# Formula 1 with 104 year old camera



## snoke (Aug 15, 2017)

http://www.intoourworld.com/photographer-shoots-formula-1-with-104-year-old-camera-and-heres-the-results/

... when you've got 20 photos, not 20fps.


----------



## Maximilian (Aug 21, 2017)

Cool! 

Thanks for sharing.


----------



## Chaitanya (Aug 24, 2017)

snoke said:


> http://www.intoourworld.com/photographer-shoots-formula-1-with-104-year-old-camera-and-heres-the-results/
> 
> ... when you've got 20 photos, not 20fps.

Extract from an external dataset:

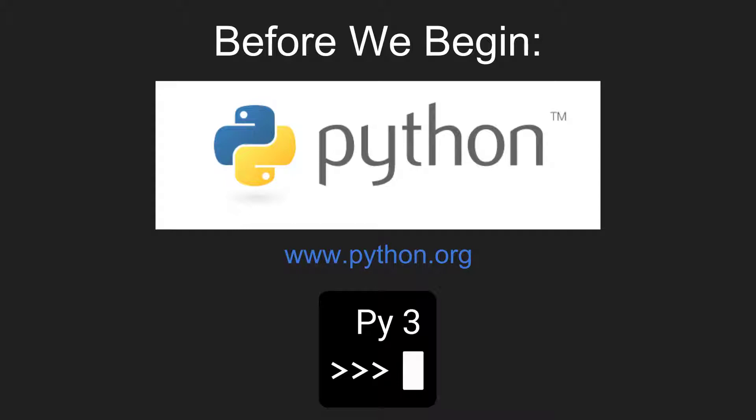This video assumes you are already running Python 3. If you aren't, or you don't know, you can always install the latest version for free from Python.org.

I remember watching GP on tv and wondering why that old camera was in use until I read the article and after seeing results was certainly impressed.


----------



## Click (Aug 24, 2017)

Thank you for sharing.


----------



## Mt Spokane Photography (Sep 3, 2017)

Photographers took some amazing photos over the past 140 years with only one shot. Then it was cover the plate or film, flip the holder over, remove the film / plate cover on the other side of the holder, and wait for the next good opportunity. I have used 10 fps at racing events, but in the end, after going thru hundreds of images, I would have took the preferred one 9 of 10 times with one shot. 

The only time I found high fps a potential necessity was trying to capture a arrow in flight, and the end of a bull whip at faster than the speed of sound. Then, 10 fps was not even in the ballpark.


----------